Return exactly the run of lines that begins at the line containing "2023 GMC Sierra 2500 HD Denali" and ends at the last line of the material below; pictures stay out.

Dataset section:
▬▬▬

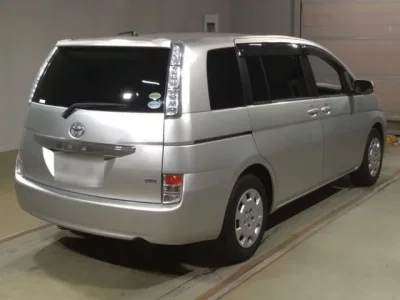 Toyota ISIS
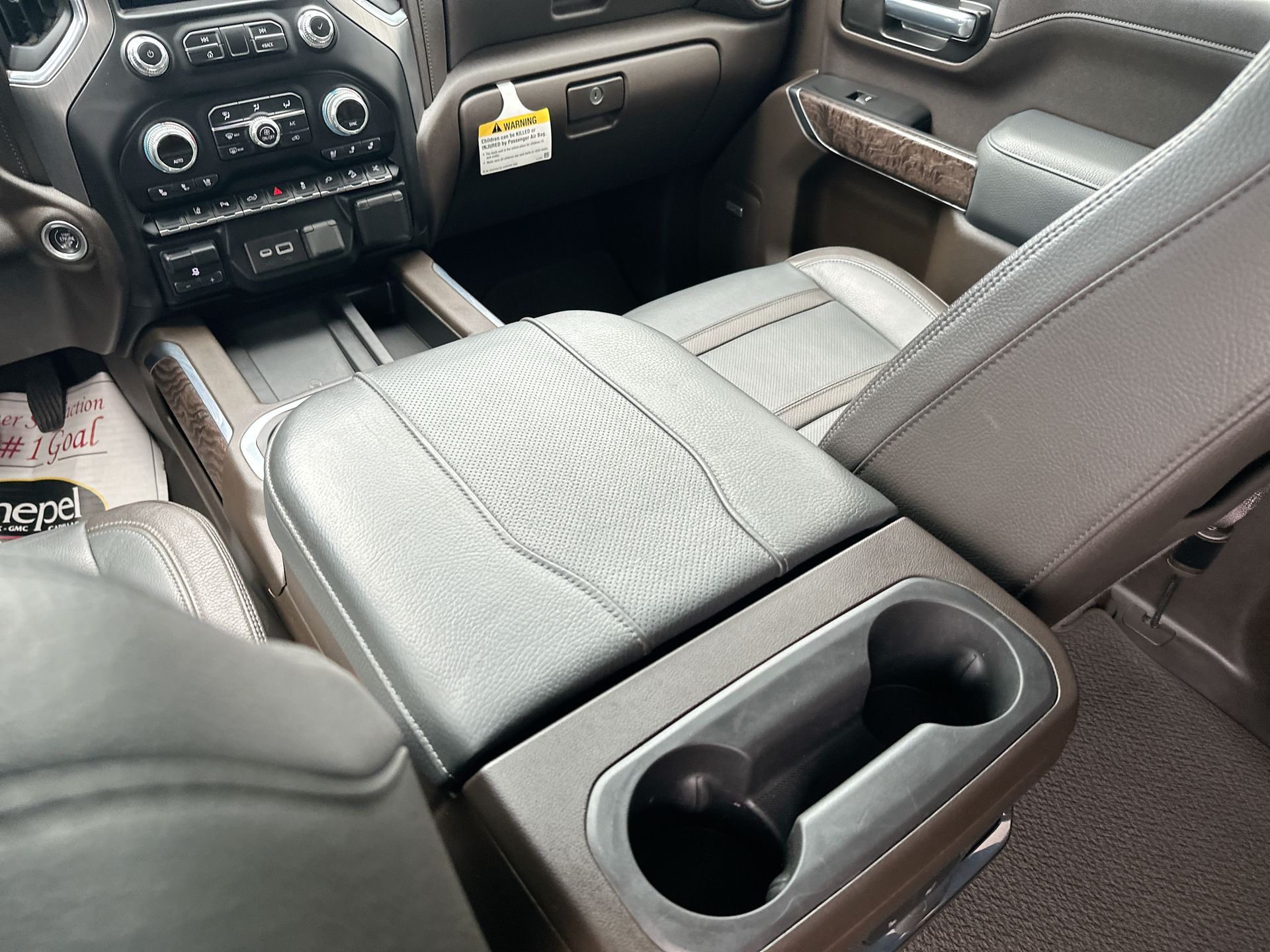2023 GMC Sierra 2500 HD Denali
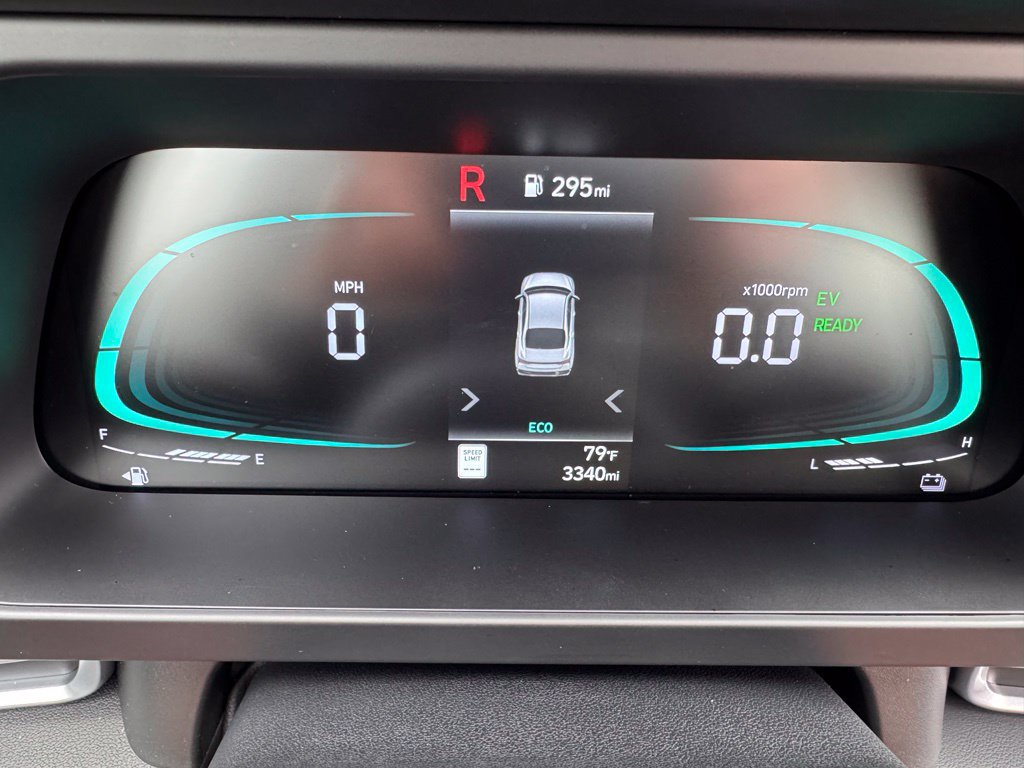 Used 2026 Hyundai Elantra Hybrid FWD image 25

▬▬▬

Answer space:
2023 GMC Sierra 2500 HD Denali
 Used 2026 Hyundai Elantra Hybrid FWD image 25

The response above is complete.